Walking the Camino: On Earth As It Is, by Maryanna Gabriel, is another story of losing a mother, about as different from the previous one as it could possibly be. The back cover reads: “For Maryanna Gabriel, the unexpected death of her artistic mother would change everything in her life. More than just overcoming this loss, she felt that she needed answer, not from other, but from within herself …. At times meditative yet punctuated with humour, the story takes place in a compelling European tableau where legends of saints and miracles abide.”
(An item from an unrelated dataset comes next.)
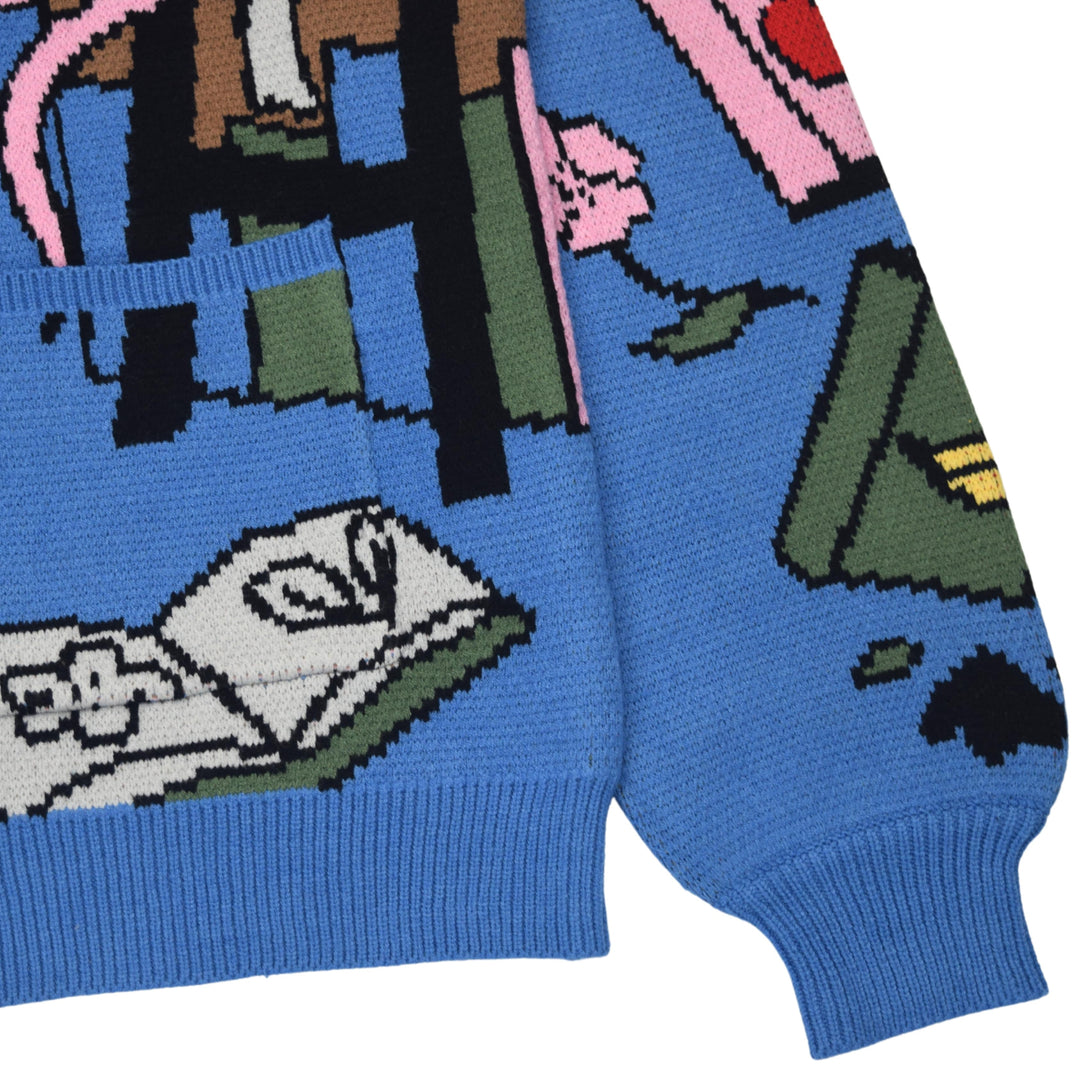 Study Group Cardigan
Book covers for 'One Strong Girl,' A Cure for Heartache,' 'Heartbroken,' 'Dying for Attention,' and 'Walking the Camino.'

Walking the Camino is not the first book I’ve read about this pilgrimage taken by thousands of people from across the globe every year. More than a decade ago, I edited a manuscript about an author’s years of long-distance hiking with his wife, part of which was completing the Camino walk in three stages over three consecutive years. I was compelled to want to do the same; I still haven’t done that, but Gabriel’s book is a welcome reminder that there are many ways to integrate life’s losses and move forward.

I’d also recommend: 

Still, I Cannot Save You: A Memoir of Sisterhood, Love, and Letting Go by Kelly S. Thompson. 

Many of us have sibling relationships that waver between love and tolerance (or worse) over the years. Most of us don’t have to face the tragic loss of a sibling far too young. Thompson’s memoir is a moving study in mental illness (her sister’s addiction) and mental wellness (integrating the loss of the same sister to cancer into her life).